2 July 2013
South African wine targets Hong Kong and mainland for 2013 marketing push
|South African wines: aiming to be the toast of Asia.|
South Africa has announced plans to up its share of the burgeoning Asian wine market through a robust marketing campaign running throughout the last six months of 2013. The country, currently ranked as the world's eighth largest wine producer, is targeting three tier one cities on the Chinese mainland – Beijing, Shanghai and Guangzhou – as well as Hong Kong, as part of a campaign co-ordinated by Wines of South Africa (WOSA), the industry body responsible for promoting exports in the sector.
Despite producing some 4% of the world's wine, South African imports currently only account for around 3.3% of the mainland market. This takes into account an 18% growth in sales to China during 2012. The figures in Hong Kong are even more disappointing, with the country only representing some 1% of imports to Asia's acknowledged wine hub.
WOSA will be focussing on increasing the variety of South African wines available in Hong Kong and on the mainland, with importer feedback currently indicating a significant shortfall in this department. At present, the country's exports are largely competing with similarly-priced Australian and Chilean wines for market share.

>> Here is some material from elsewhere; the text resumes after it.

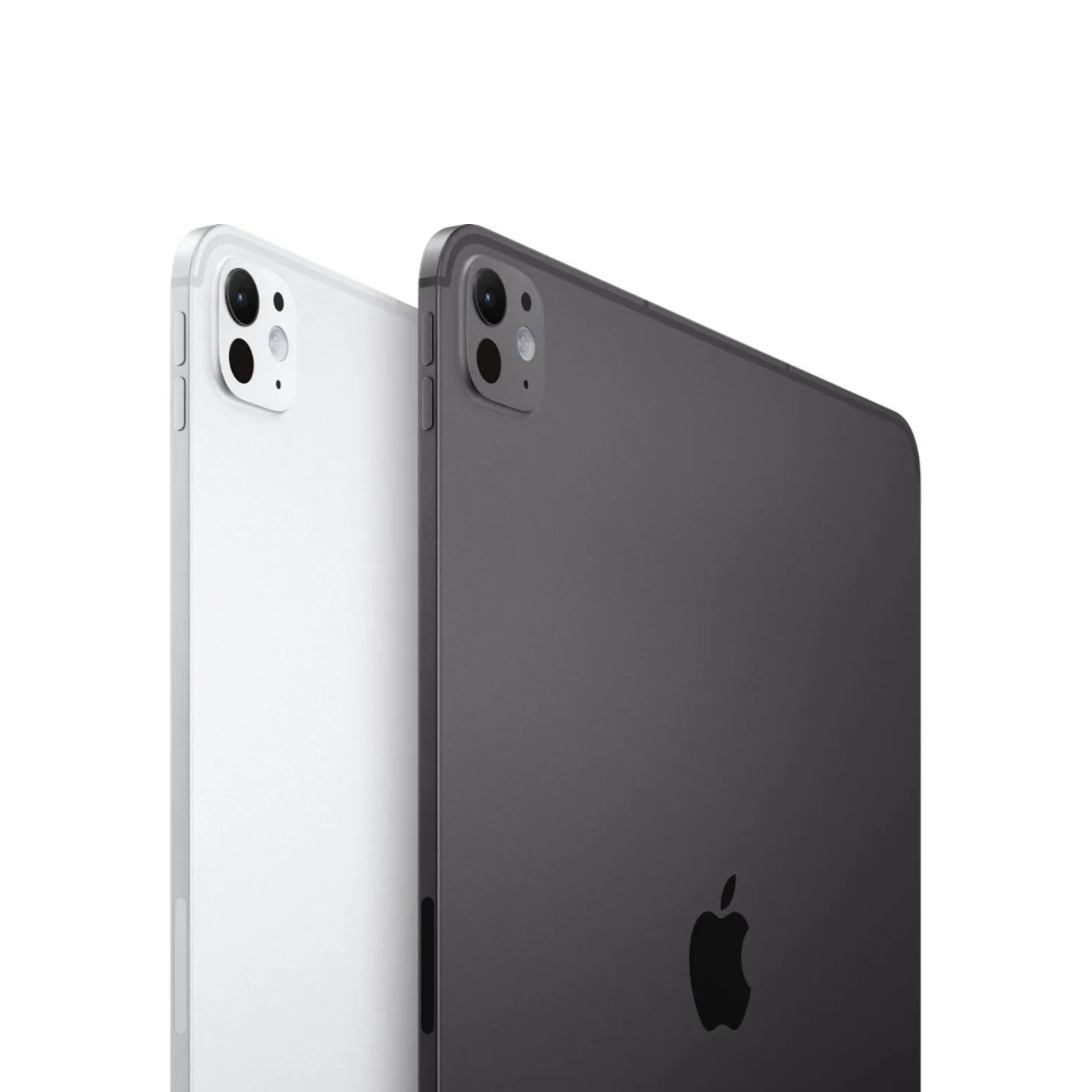 Apple iPad Pro 13 Inch M5 WiFi 256GB With Standard Glass - Silver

As an opening salvo in its bid to increase its penetration into the Asian market – a market predicted to account for some 53% of the increase in global wine consumption by 2015 – WOSA has launched a Mandarin version of its website (http://www.wosa.co.za/china/) as an information portal for importers and the media. This initiative will be backed by a social media campaign via Weibo, the mainland's most popular microblogging site. It will also be exhibiting at the HKTDC Hong Kong International Wine & Spirits Fair and Shanghai's ProWine China.
According to WOSA, South Africa exported 417 million litres of wine in 2012. This was 10 million litres more than the 2008 record of 407 million litres and 17% increase on volumes in 2011.
Commenting on this upturn in the country's winemaking fortunes, Sue Birch, WOSA's Chief Executive, said: "These record levels are the result of a more favourable currency regime, as well as the global shortage of wines, stemming from a significant drop in the recent harvests of competing wine-producing nations in Europe, Latin America, Australia and New Zealand."
Figures released by South African Wine Industry & Information Systems (SAWIS) indicate that the 2013 wine grape crop should amount to nearly 1.4 million tonnes, making it the third biggest in recorded history.